I go away for a week and come back to a broken technical support level (1040, which proved to be a ceiling today and pushed the market back down) and revised GDP projections by economists, GS, JPM, and others for the US, Eurozone and China. It's a calamity. But you know what its NOT?
A recession. It's not a double dip and its not going there. Does that mean the market should stop falling? Not necessarily. What if the market over-exaggerated when it hit 666, but then equally over-exaggerated its 80% rise back up to 1215? The proper level could be anywhere in the middle really. 1040? 950? 875? 666 even? All could be reasonable valuations I think. And don't tell me stock p/e and valuations are cheap right now compared to history because I just don't think history applies here unless you're talking 1929-1938 type history. Valuations may need to be rethought if average US growth is going to be 2% and Euro is going to flirt with sub 1% growth.
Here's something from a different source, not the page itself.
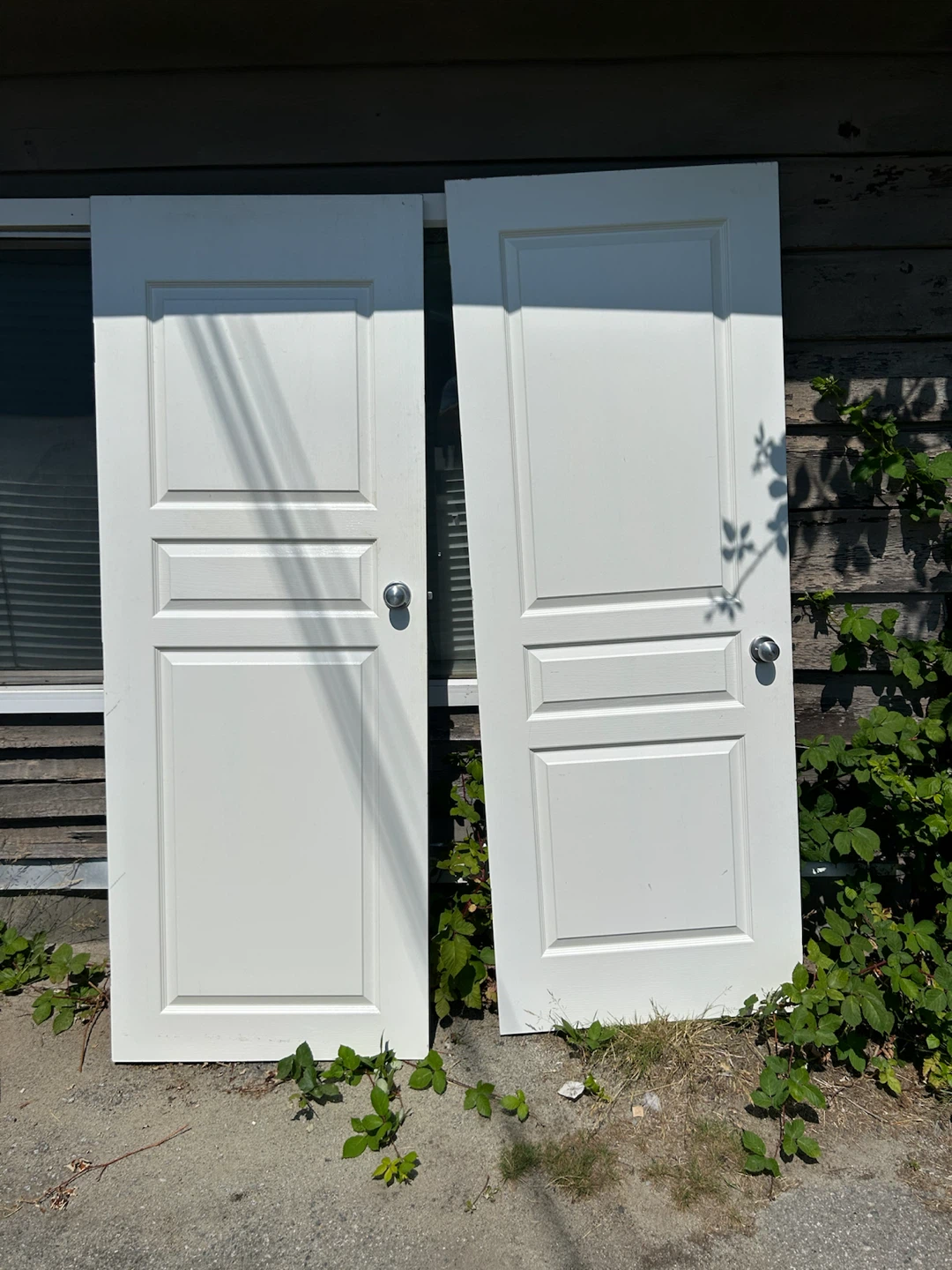 Pair of White Interior Doors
I truly believe that the economy is just revealing what we already knew - the recovery is muted by too much public debt, consumer debt, and continued weakness in housing (which is guaranteed to double dip and already has started). Stimulus works and its kept us afloat but its not a long term solution and it can't promise long term growth. Meanwhile, it does produce long term consequences and demands long term austerity measures mind you. Look at almost every econ report (minus housing) and you'll see that growth is slowing... but its still growth and its still expansionary, or at least status quo. So while minimal growth isn't good, its not a market collapse either. And that is what we have to accept when we look in the mirror for the near term...2010 and 2011. Muted market returns. Random Eurozone banking scares. An inevitable Chinese property bubble in a year. Essentialy, a new (and deserved) normal.